Two new developments in #differentialprivacy for the #2020census
(thread)
NEW report from the JASON brain trust evaluates DP
1. Is re-identification a realistic threat?
2. Has Census properly assessed re-id vulnerability?
3. What are trade-offs between privacy-loss and accuracy & how can those be managed?
https://www2.census.gov/programs-surveys/decennial/2020/program-management/planning-docs/privacy-methods-2020-census.pdf
Some of the findings are as expected
Re-ID is a risk, and DP could be helpful
BUT
"At some proposed levels of confidentiality protection, and especially for small populations, census block-level data become noisy and lose statistical utility"

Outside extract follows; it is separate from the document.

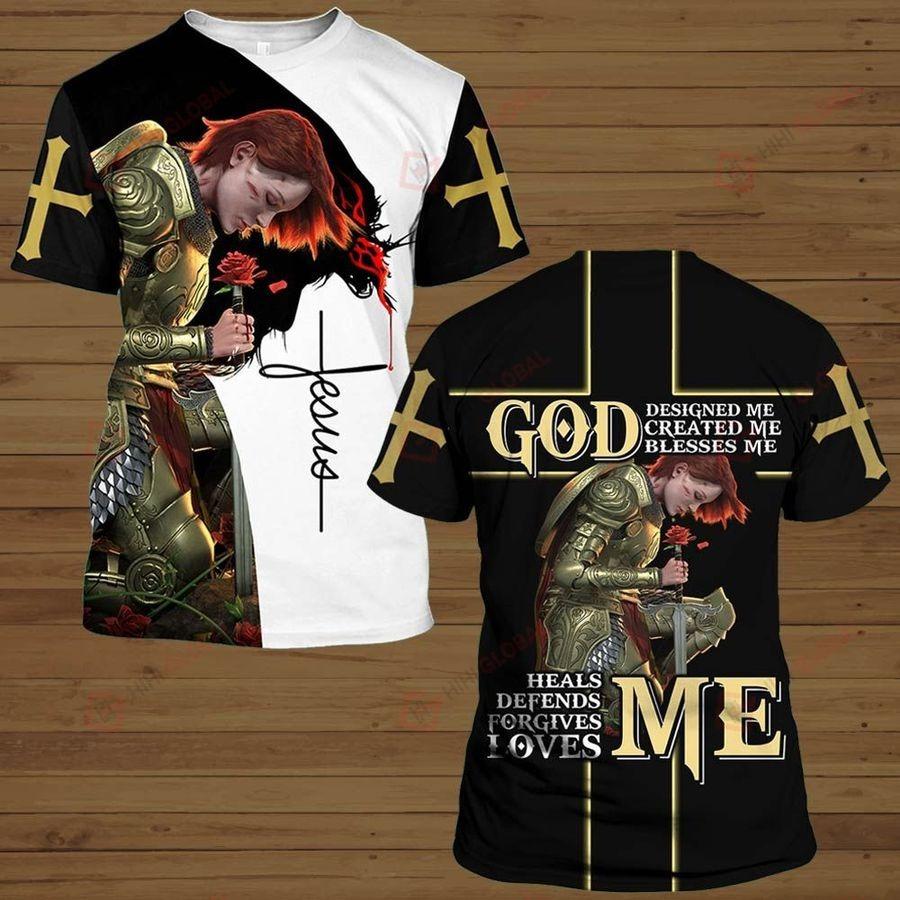 God Designed Me, Create Me, Blesses Me - 3D All Over Printed Shirts For Men and Women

Some of the findings are... quite blunt about challenges encountered in the process
One of the recommendations is specific--report LESS but with more ACCURACY:
"Evaluate the trade-offs between re-identification risk and data utility arising from publishing fewer tables (e.g. none at the block-level) but at larger values of the privacy-loss parameter"
There's more, but it's 142 pages. If you're following #differentialprivacy for #2020census I'd recommend reading. The report does a nice job of summarizing competing needs for preventing re-ID *and* providing data to public that is fit-for-use.
Also if you didn't already know, in addition to the JASON report, the Census Bureau has engaged an expert group* through @theNASEM to help wade through these thorny issues.
.
(*It's quite a cast of characters. They even let me in.)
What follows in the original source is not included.